━━ Material for this task ━━

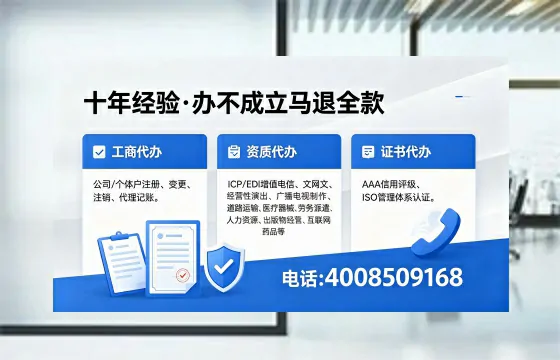 宣城办理<a href='https://www.xinlucheng.com.cn/'>劳务派遣许可证</a>的实用指南:我的亲身经历与深度分享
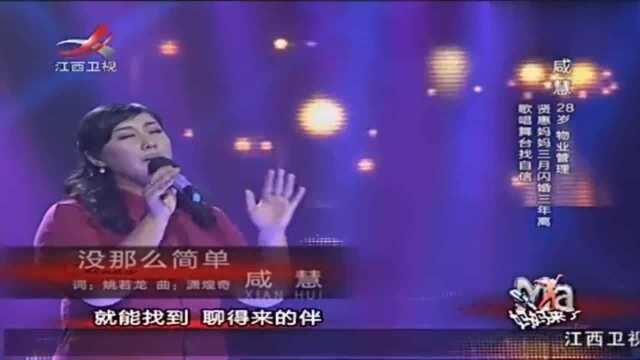 咸慧演唱歌曲《没那么简单》,女孩的歌声中融入了自己的情感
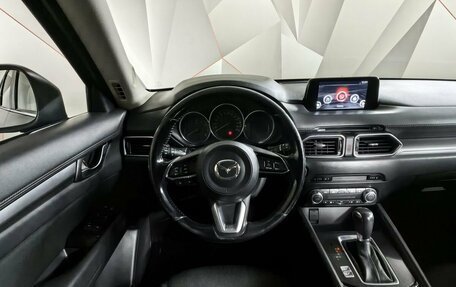 Mazda CX-5 II, 2018 год, 1 863 000 рублей, 15 фотография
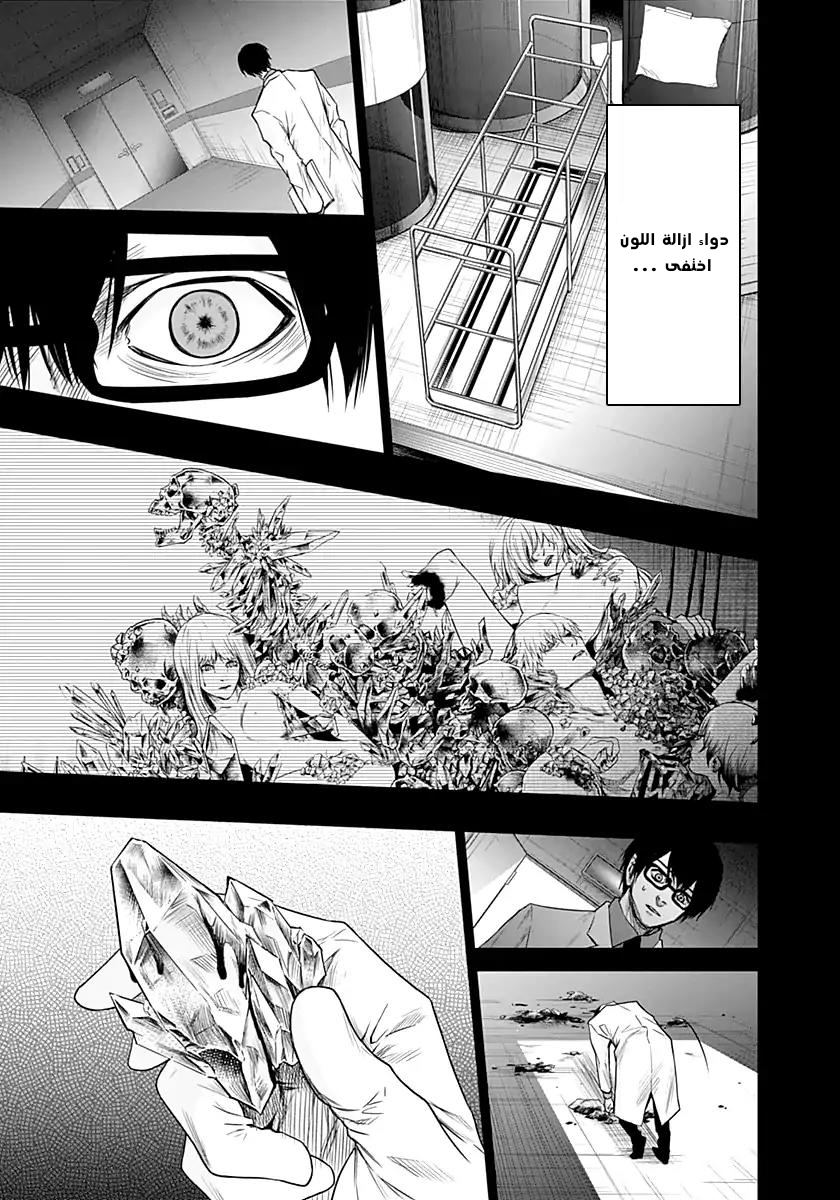 Blue Phobia: Chapter 14 - Page 12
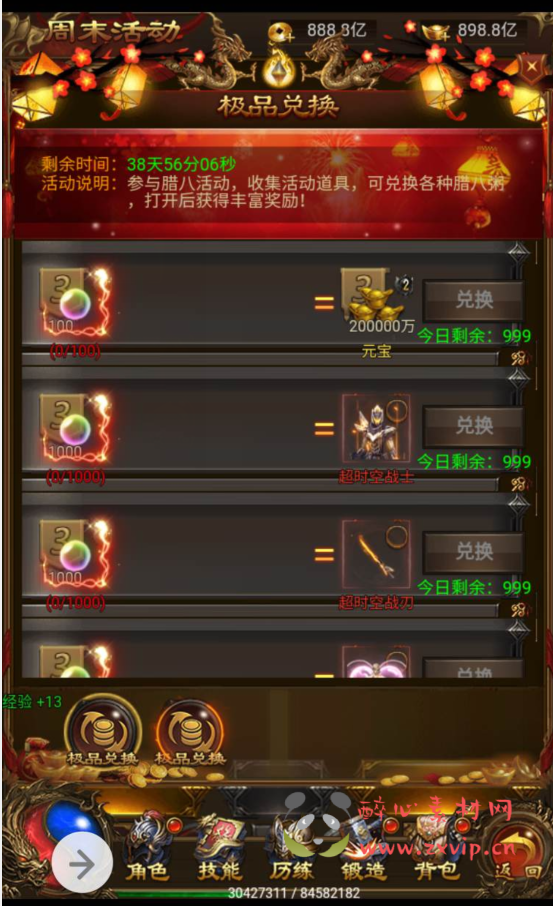 图片[5]|H-005 热血传奇复古版雷霆三端H5手游【神武雷霆传奇之高爆修复版】+Linux手工服务端源码+视频教程+完善GM授权后台工具|醉心素材|手游源码|端游源码|资源教程|工具分享|免费源码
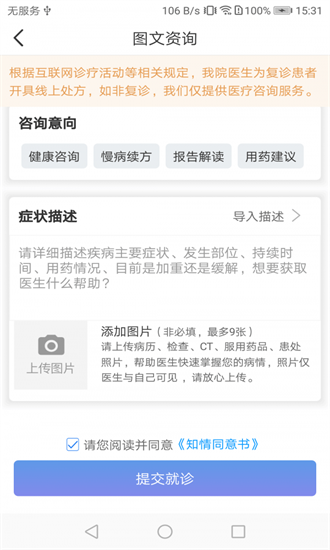 麗江市人民醫(yī)院官方版 v1.0.0 安卓版 2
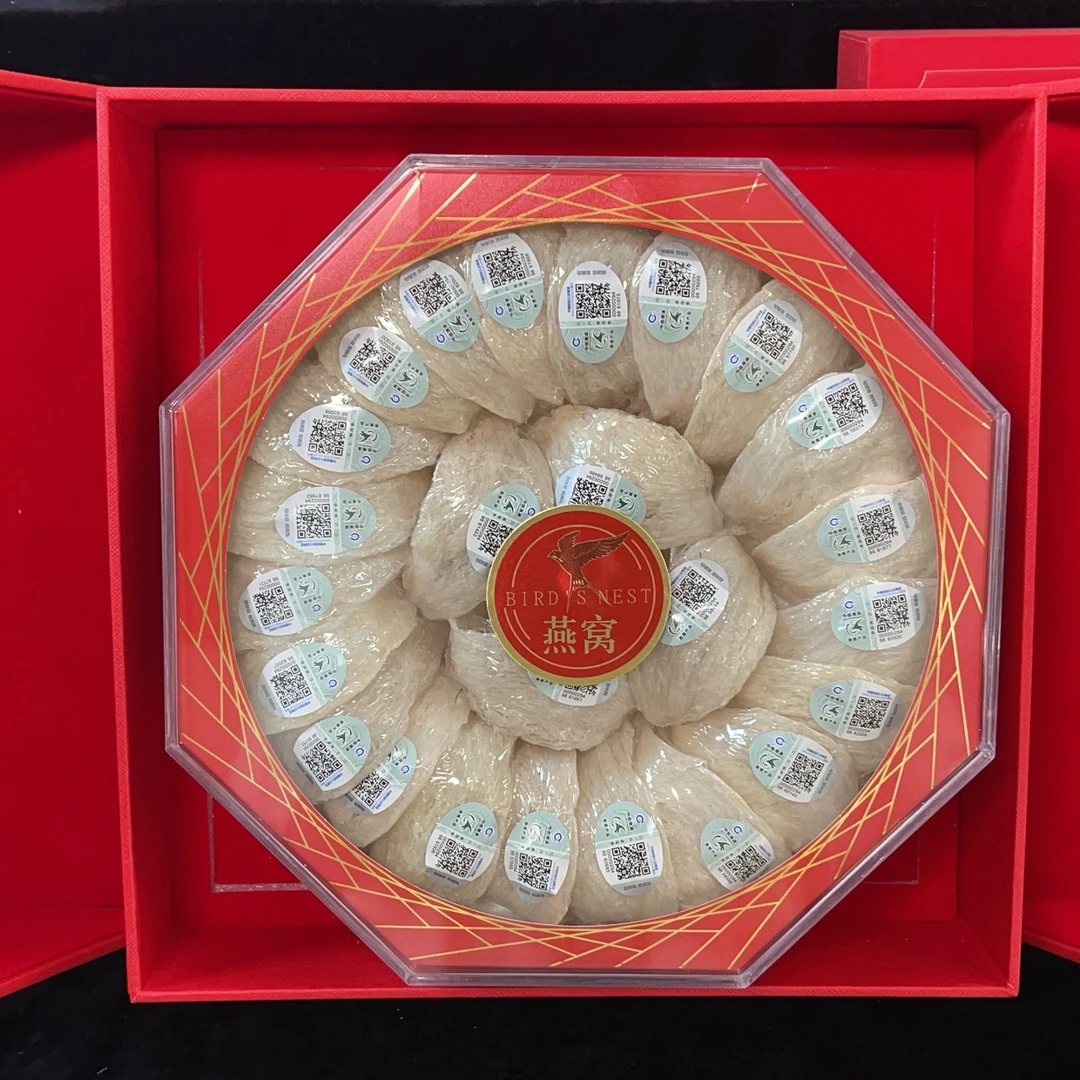 中检溯源vip大盏孕妇级燕窝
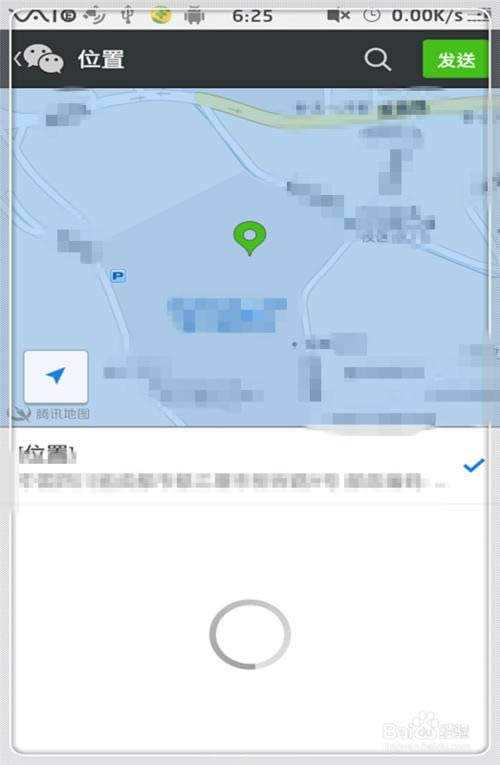 ΢����ô���͵���λ��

━━━

== To do ==
Return all the lines above exactly; none of the pictures should appear.

== Task result ==
 宣城办理<a href='https://www.xinlucheng.com.cn/'>劳务派遣许可证</a>的实用指南:我的亲身经历与深度分享
 咸慧演唱歌曲《没那么简单》,女孩的歌声中融入了自己的情感
 Mazda CX-5 II, 2018 год, 1 863 000 рублей, 15 фотография
 Blue Phobia: Chapter 14 - Page 12
 图片[5]|H-005 热血传奇复古版雷霆三端H5手游【神武雷霆传奇之高爆修复版】+Linux手工服务端源码+视频教程+完善GM授权后台工具|醉心素材|手游源码|端游源码|资源教程|工具分享|免费源码
 麗江市人民醫(yī)院官方版 v1.0.0 安卓版 2
 中检溯源vip大盏孕妇级燕窝
 ΢����ô���͵���λ��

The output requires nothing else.